- DATASET EXCERPT -
....

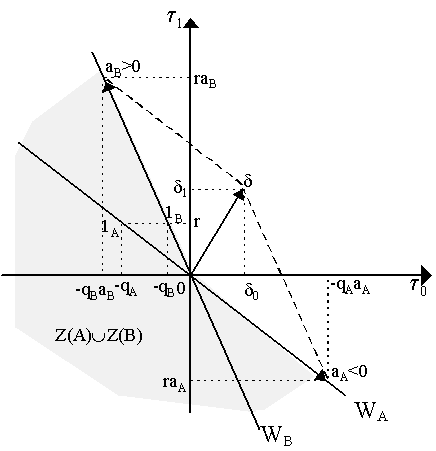 arbitrage2.gif (6022 bytes)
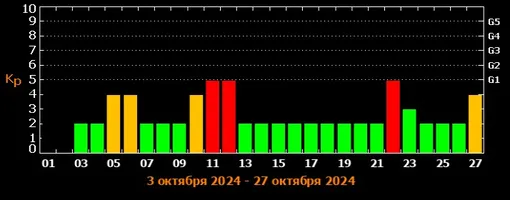 Прогноз магнитных бурь c 3 по 27 октября 2024 года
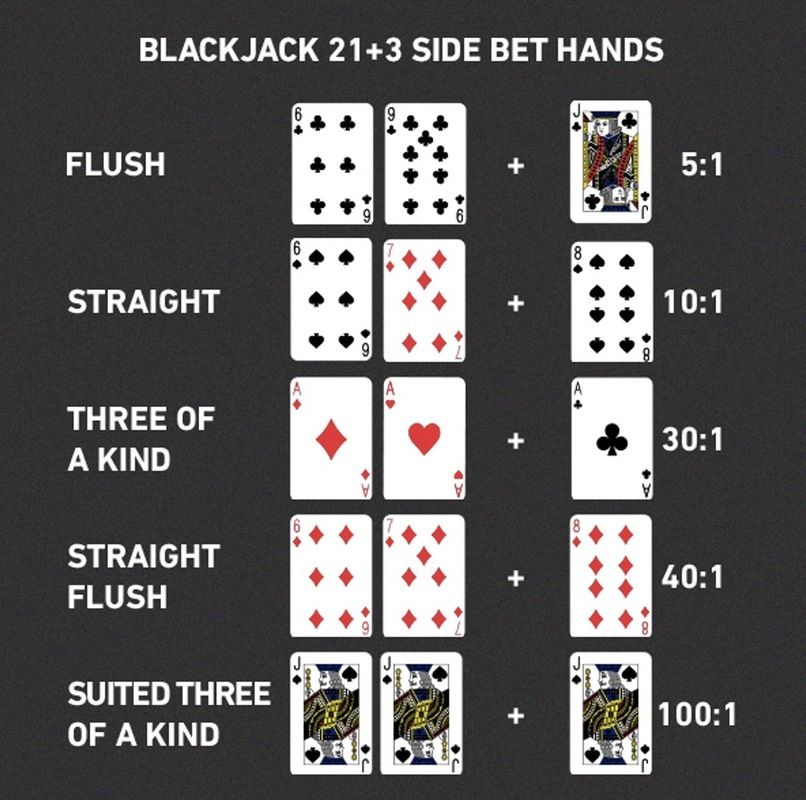 Blackjack 21+3 kombinacije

....

- INSTRUCTIONS TO FOLLOW -
Repeat the listing word for word, and skip every picture it contains.

- RESULT OF THIS TASK -
 arbitrage2.gif (6022 bytes)
 Прогноз магнитных бурь c 3 по 27 октября 2024 года
 Blackjack 21+3 kombinacije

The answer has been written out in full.